Odkrycia dokonano w szwedzkiej miejscowości Kanaljorden koło rzeki Motala Strom, w miejscu nieistniejącego małego jeziora – obecnie jest tam torfowisko. Wiadomość o tym zamieściło specjalistyczne pismo „Antiquity".
W Kanaljorden odkopano czaszki dziewięciu osób dorosłych, kobiet i mężczyzn, oraz szkielet oseska. Są na nich ślady brutalnego traktowania. W jednej z czaszek przetrwała resztka tkanki mózgowej.
Ludzkie szczątki znaleziono wewnątrz tajemniczej, sztucznie stworzonej struktury drewniano-kamiennej o wymiarach 14 na 12 metrów. Jak stwierdzili naukowcy z Osteoarchaeological Research Laboratory Uniwersytetu w Sztokholmie, na czaszkach zachowały się ślady po zagojonych i świeżych ranach, niekiedy zadawanych wielokrotnie w tym samym miejscu. Czaszki zatknięte były na drewnianych żerdziach.

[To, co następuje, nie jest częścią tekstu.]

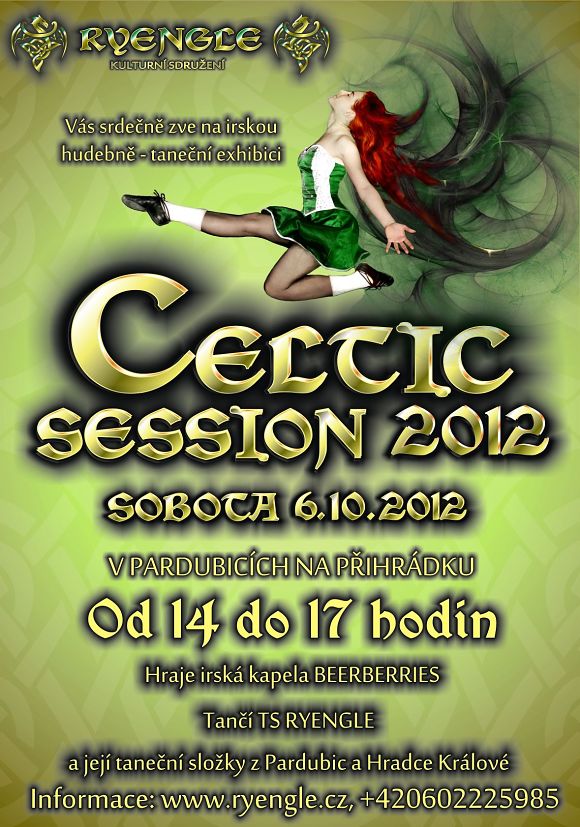 Celtic Session 2012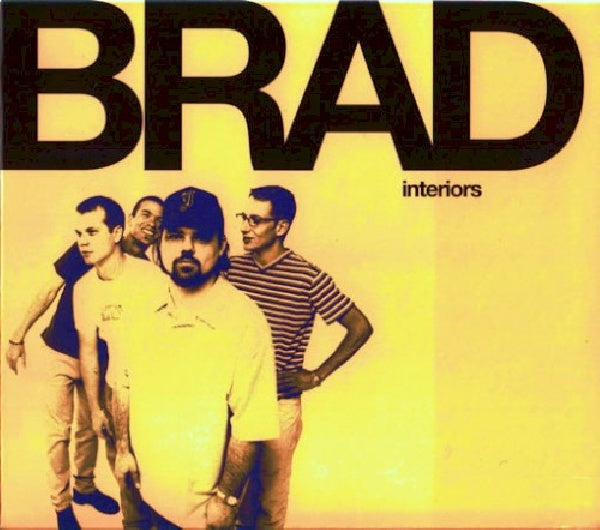 Brad - Interiors +2 (CD) - Velvet Music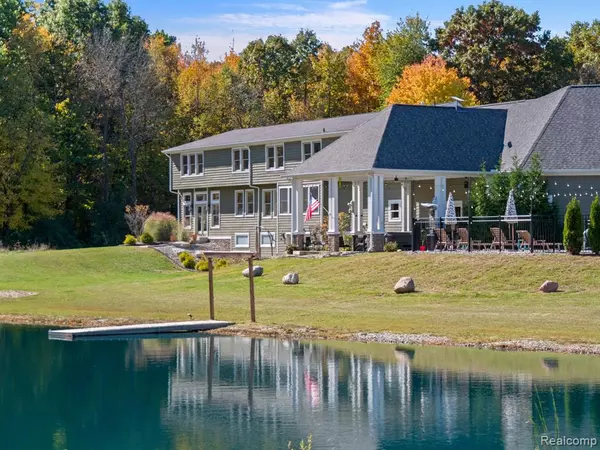 Deerfield Twp, MI 48855,2160 E Jones Road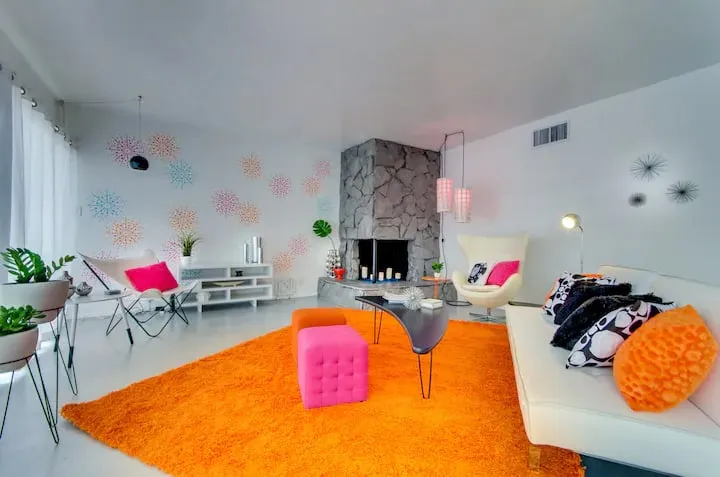 Vintage Vegas Midcentury Home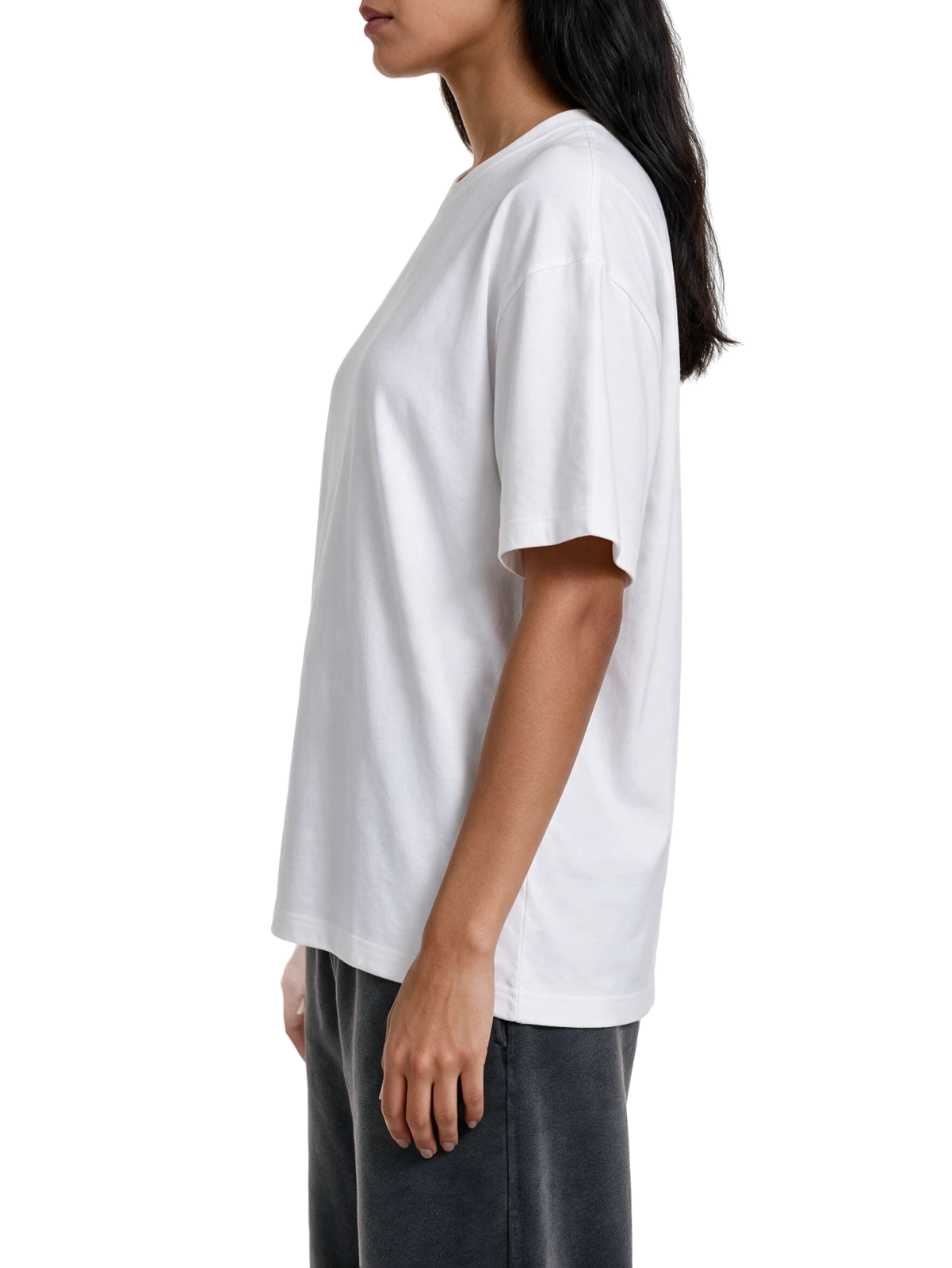 Semi-Oversized Tee 7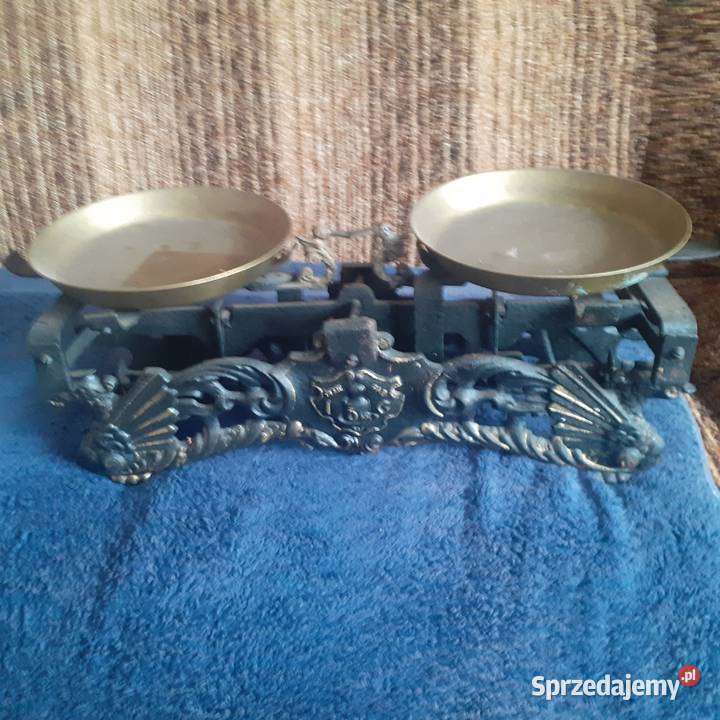 Sprzedam wagę antyk pomorskie Gdynia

Dlaczego tych ludzi torturowano? Badacze nie potrafią tego wyjaśnić. Dotychczas w Europie nie dokonano podobnego odkrycia pochodzącego z tak zamierzchłej epoki.
Naukowcom udało się jednak ustalić, że były różnice w traktowaniu kobiet i mężczyzn. Na dwóch czaszkach kobiecych zachowały się ślady ciosów zadanych tępym narzędziem w tył głowy i w prawą skroń. W przypadku mężczyzn ciosy były zadawane w górną część głowy, w sklepienie czaszki, i w górną część twarzy. Trzy męskie czaszki były uderzane także po śmierci.